Wynton Marsalis has been described as the most outstanding jazz musician and trumpeter of his generation, as one of the world's top classical trumpeters, as a big band leader in the tradition of Duke Ellington, a brilliant composer, a devoted advocate for the Arts and a tireless and inspiring educator.
In 1987 Wynton Marsalis co-founded a jazz program at Lincoln Center. Under Wynton Marsalis' leadership the program has developed an international agenda with up to 400 events annually in 15 countries. In December of 1995 the Lincoln Center Board awarded the Jazz Department's significant success by voting it a full constituent, equal in stature with the New York Philharmonic, the Metropolitan Opera, and the New York City Ballet - a historic moment for Jazz as an art form and for Lincoln Center as a cultural institution. In February 1998 New York City Mayor Rudolph Guiliani announced that Jazz at Lincoln Center was selected to be part of the redevelopment of the New York Coliseum site at Columbus Circle.
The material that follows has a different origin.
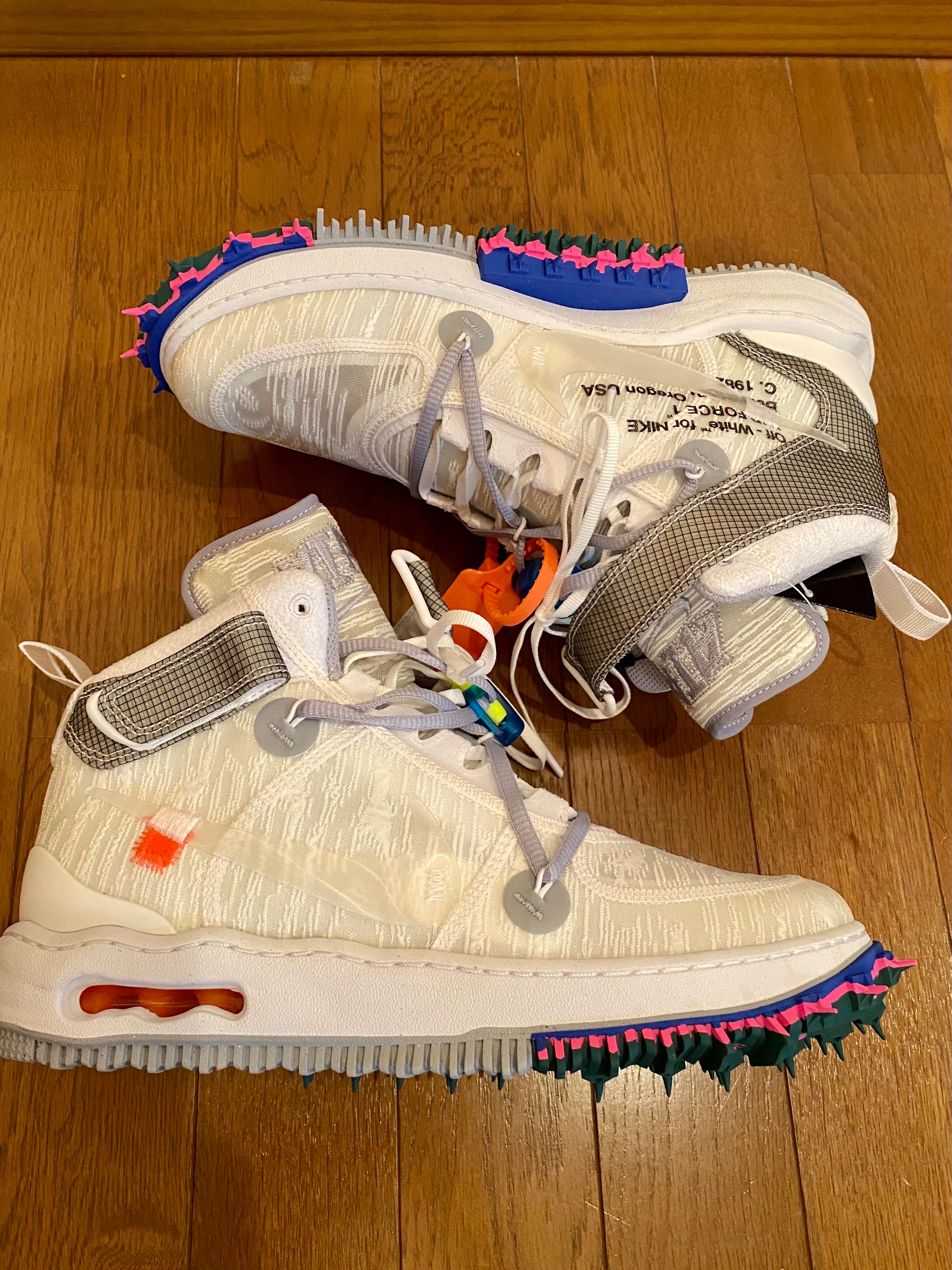 Off-White × Nike Air Force 1 Mid "White"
Frederick P. Rose Hall, the new 100,000 square foot complex (opened in October 2004), has become Jazz at Lincoln Center's new home.
In 1997 Wynton Marsalis became the first jazz musician ever to win the Pulitzer Prize for Music for his epic oratorio Blood on the Fields. He has won nine of the coveted Grammy Awards, earned the distinction of being the only artist ever to win Grammy Awards for both jazz and classical records (an accomplishment he astonishingly repeated in consecutive years), and he is the only artist ever to have won Grammy Awards in five consecutive years. Wynton Marsalis' radio and television series were awarded the most prestigious distinction in broadcast journalism, the George Foster Peabody Award.
Wynton Marsalis was awarded the Grand Prix Du Disque of France, the Louis Armstrong Memorial Medal, the Netherlands' Edison Award and the Algur H. Meadows Award for Excellence in the Arts. He received countless plaques and was given the Key to over 50 cities. He was inducted into the American Academy of Achievement and was dubbed an Honorary Dreamer by the "I Have a Dream Foundation." Wynton Marsalis received a citation from the United States House of Representatives for his outstanding contributions to the Arts. TIME magazine selected Wynton Marsalis as one of America's most promising leaders under age 40 in 1995, and in 1996 TIME celebrated Marsalis as one of America's 25 Most Influential People. In the spring of 2001 United Nations Secretary General Kofi Annan proclaimed Wynton Marsalis an international ambassador of goodwill by appointing him a United Nations Messenger of Peace.
Honorary degrees have been conferred upon Wynton Marsalis by twenty-nine of our nation's leading academic institutions including Columbia, Brown, Princeton and Yale University. Britain's senior conservatoire, the Royal Academy of Music, granted Mr. Marsalis Honorary Membership, the Academy's highest decoration for a non-British citizen. In France the Ministry of Culture appointed Wynton Marsalis the most prestigious decoration awarded by the French Republic - the rank of Knight in the Order of Arts and Literature.